KEENE — The Free State activist and former mayoral candidate who legally changed his name to Nobody now has his eyes on a bigger job.
Nobody, formerly Rich Paul, told radio personality Mike Hsu that he intends to run against Gov. Chris Sununu in the New Hampshire gubernatorial primary.
“The system is rigged, so that only Democrats and Republicans have a chance,” Nobody said. “I’m doing my best to co-opt their party and subvert it.”
A Sununu representative declined to comment on Nobody’s candidacy.
Nobody ran an unsuccessful campaign for mayor in Keene, coming in a distant third in the Oct. 9 primary and getting knocked out of the race in the process. Nobody managed to garner 47 votes in the race, while candidates George Hansel and Mitchell Greenwald each got more than 1,100 votes. Hansel and Greenwald will square off in the November general election, while Nobody sets his sights on Concord.

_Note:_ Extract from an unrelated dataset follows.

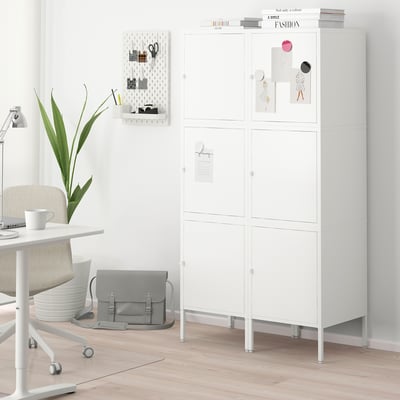 HÄLLAN Storage combination with doors, white, 90x47x167 cm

“The voters spoke clearly and they said they’d prefer I’d be governor,” he said.
Nobody told Hsu that he became a libertarian activist following the death of his wife, and he moved to Keene to become part of the Free State Project. Free Staters are libertarian activists who are trying to change the political landscape in New Hampshire.

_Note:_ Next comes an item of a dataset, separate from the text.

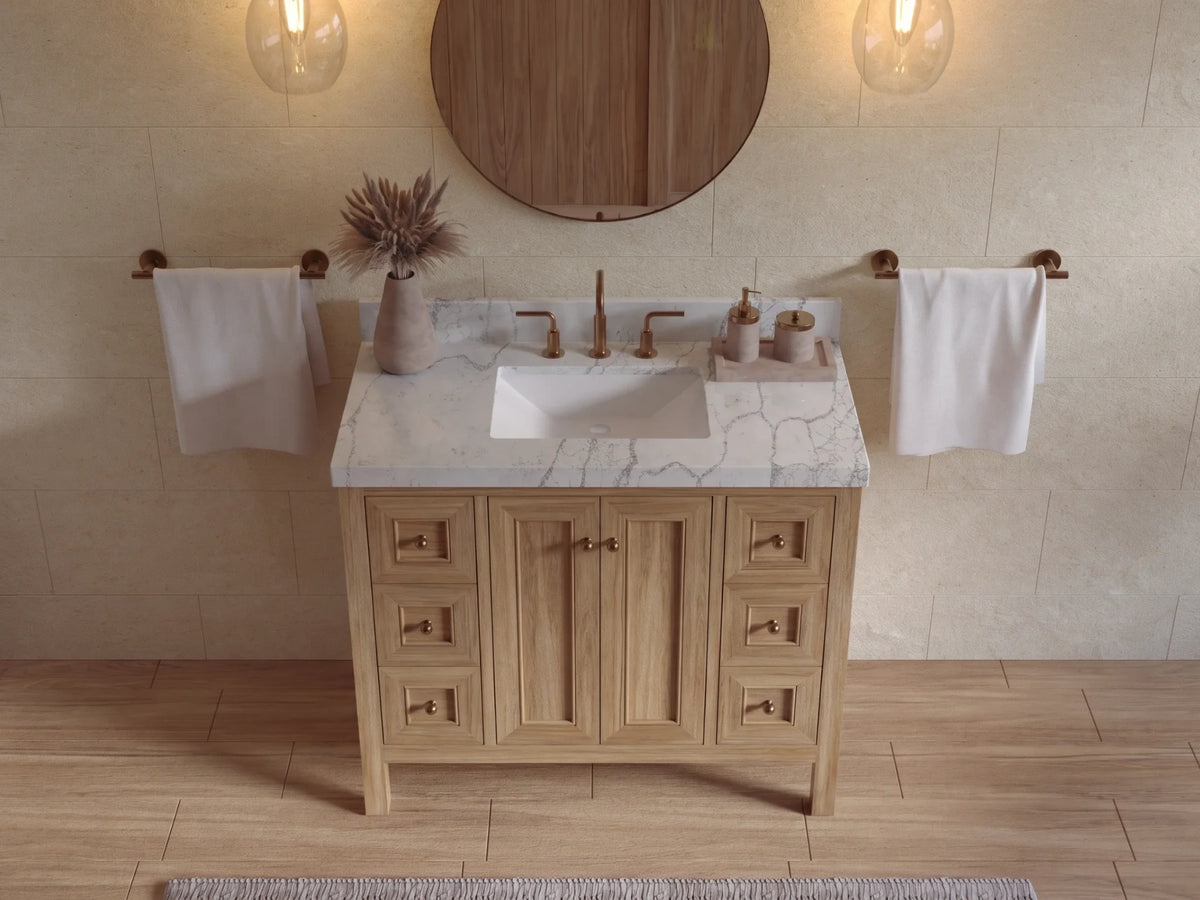 Nashville Teak Wood 42 in. W x 22 in. D Single Sink Bathroom Vanity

Nobody told Hsu that if elected he will pardon everyone in the state ever convicted on a drug crime, and for any crime related to prostitution and gambling.
“A lot of people that Congress turned into criminals ... I’m going to turn them back into full citizens,” he said.
He also intends to order all New Hampshire National Guard members and New Hampshire state troopers to resist any gun confiscation laws that might come from Washington. Nobody said the freedom to bear arms is vital to a free society.
“If the ballot box fails and the soap box fails, all we’ve got left is the cartridge box,” he said.
Nobody himself spent more than a year in prison after he was convicted of selling marijuana to an undercover informant working with the FBI. He claims his conviction stems from an FBI plot to infiltrate the Free State movement.